The state post office and parcel delivery companies no longer come this close to the Russian border. It is simply too dangerous. So Oleksii delivers the paper himself.
Founded under Stalin as the Red Banner, the newspaper once provided local news to the residents of the north-eastern Ukrainian city of Sumy and nearby Poltava.
After the fall of the Soviet Union, it was renamed Vorskla, after the river that runs through the area. It currently has 900 subscribers, and it sells an additional 600 copies each week.
The day after the latest issue was printed in Vinnytsia in western Ukraine, Oleksii filled the boot of his car with stacks of papers and set off to meet his readers and bring them the latest news.
His destination was Velyka Pysarivka, a village once home to 4,000 people hard up against the Russian border.
There is no longer any electricity or internet in the village - the transmission towers have been blown up by the Russians. The only news available is Russian radio from the other side of the border, which broadcasts music and propaganda.

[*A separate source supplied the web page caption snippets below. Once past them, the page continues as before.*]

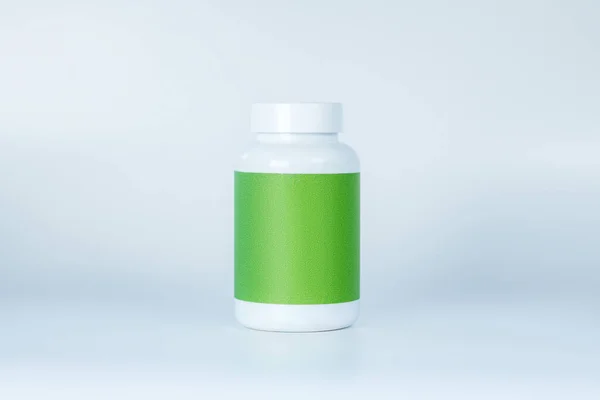 A bottle of supplements with green label — Stock Photo, Image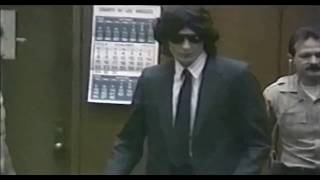 Richard Ramirez wearing a fancy suit in court  sticking tongue out no sound [upl. by Lavella]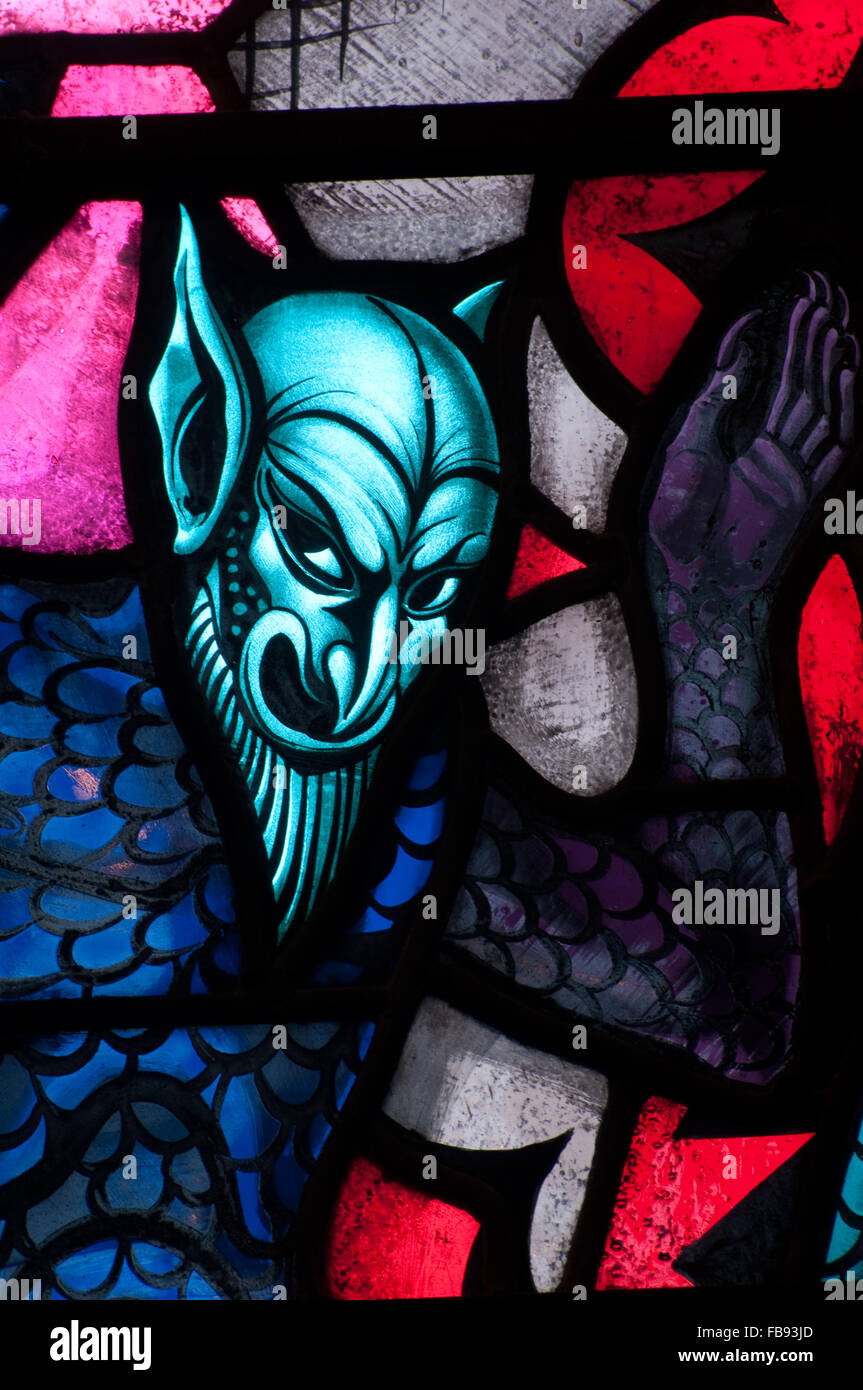 Devil depicted in stained glass window Stock Photo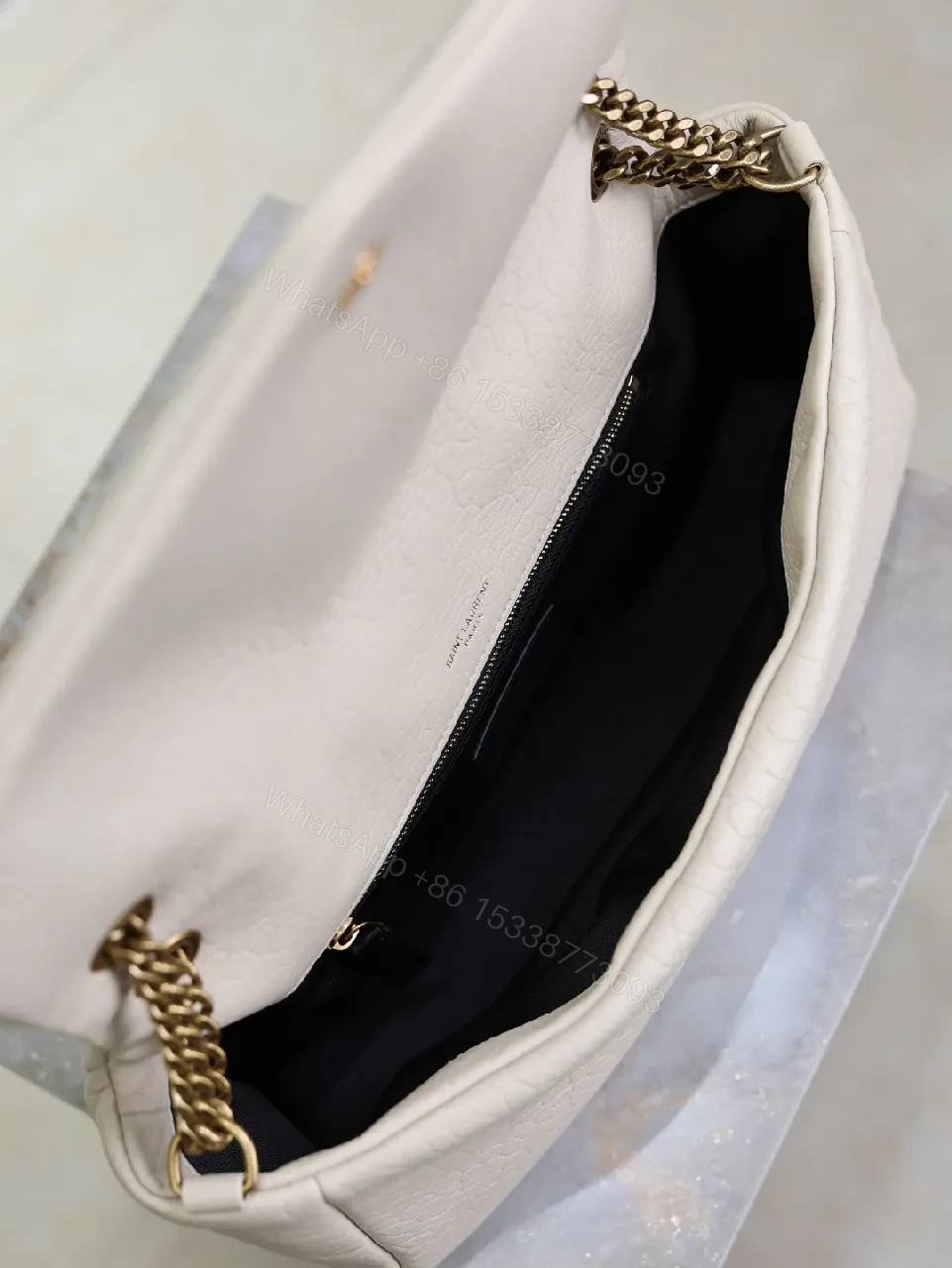 View 5 of Ivory Pebbled Leather Chic Handbag with Gold Hardware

Three years ago, at the start of the full-scale invasion, Russian tanks passed through the village, but they were unable to advance further, so after systematically destroying the infrastructure, they retreated back to Russia, leaving the locals in what amounted to an information blackout.

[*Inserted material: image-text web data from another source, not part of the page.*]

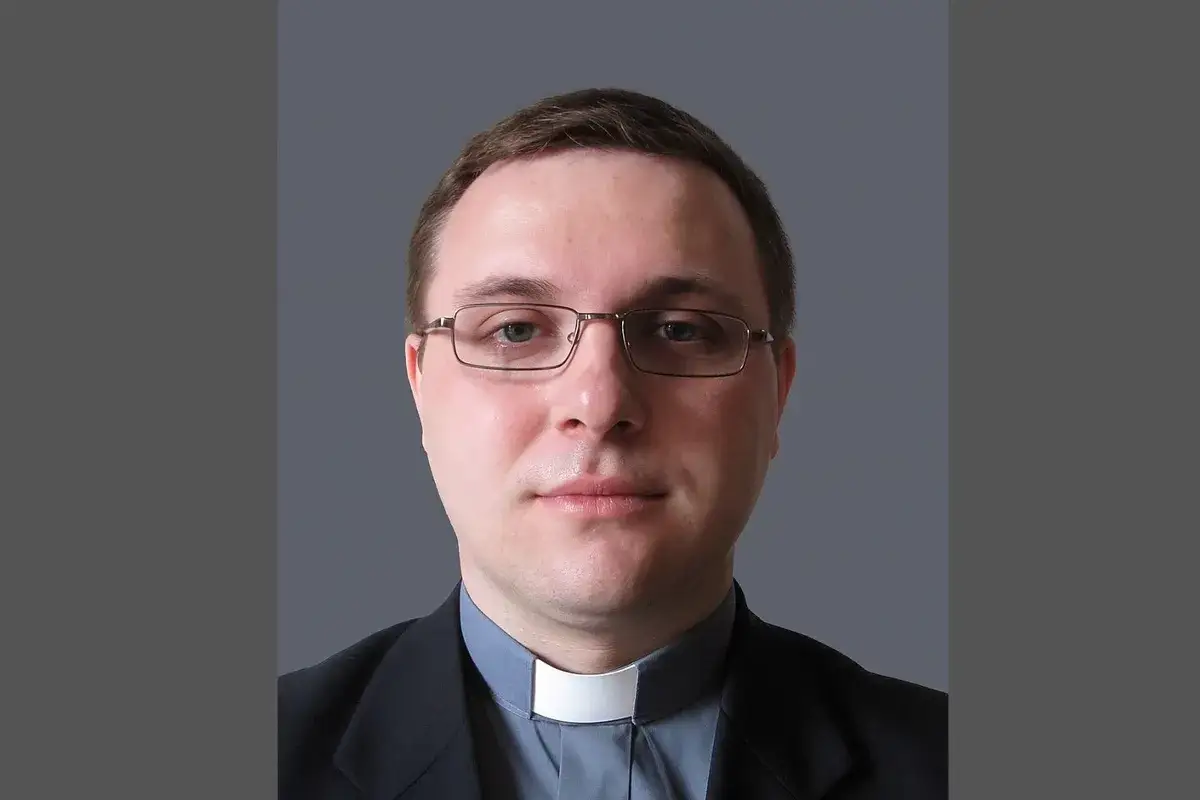 Młody mężczyzna w okularach, ubrany w sutannę i marynarkę. To najmłodszy biskup w Polsce, który z powagą patrzy w obiektyw.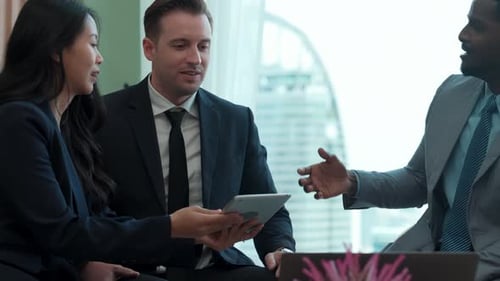 Diversity business people in ornamented office discussing business plan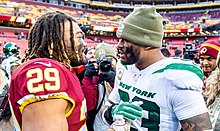 Adams alongside Derrius Guice in a game against the Washington Redskins Derrius Guice (cropped).jpg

For a month Vorskla stopped printing. The editorial office in Velyka Pysarivka was dangerously close to the front. Locals were starving, two of the five-man editorial staff fled, and one journalist joined the Ukrainian army.
Then the first issue came out since the invasion had begun.
“Some people found out that Kyiv had not been occupied by the Russians only then. They cried when they read it,” said Oleksii.
The fare that the paper offers is unashamedly local and aims to appeal to a variety of tastes.
The front page of this year’s February 14 issue featured a portrait of a soldier born in a neighboring village who had recovered from a serious wound, thanks in part to community donations.
It also included details of an award given to a local historian, news of a pension increase, a recipe for cheese fries - “for those who don’t have much time for breakfast or dinner, ready in a few minutes” – and a crossword.
As I accompanied him on his run Oleksii stopped at a roadside crucifix near Velyka Pysarivka and crossed himself three times.
His wife, Natalia, who also works at the paper, was with him. Then he rolled down the window and listened carefully. The village is often targeted by artillery and drones.
Arriving at a kiosk next to a blown-up petrol station, Oleksii got out and left five newspapers behind.
A little further on, he stopped next to an old man on a bicycle, called him by name, and handed him the latest issue.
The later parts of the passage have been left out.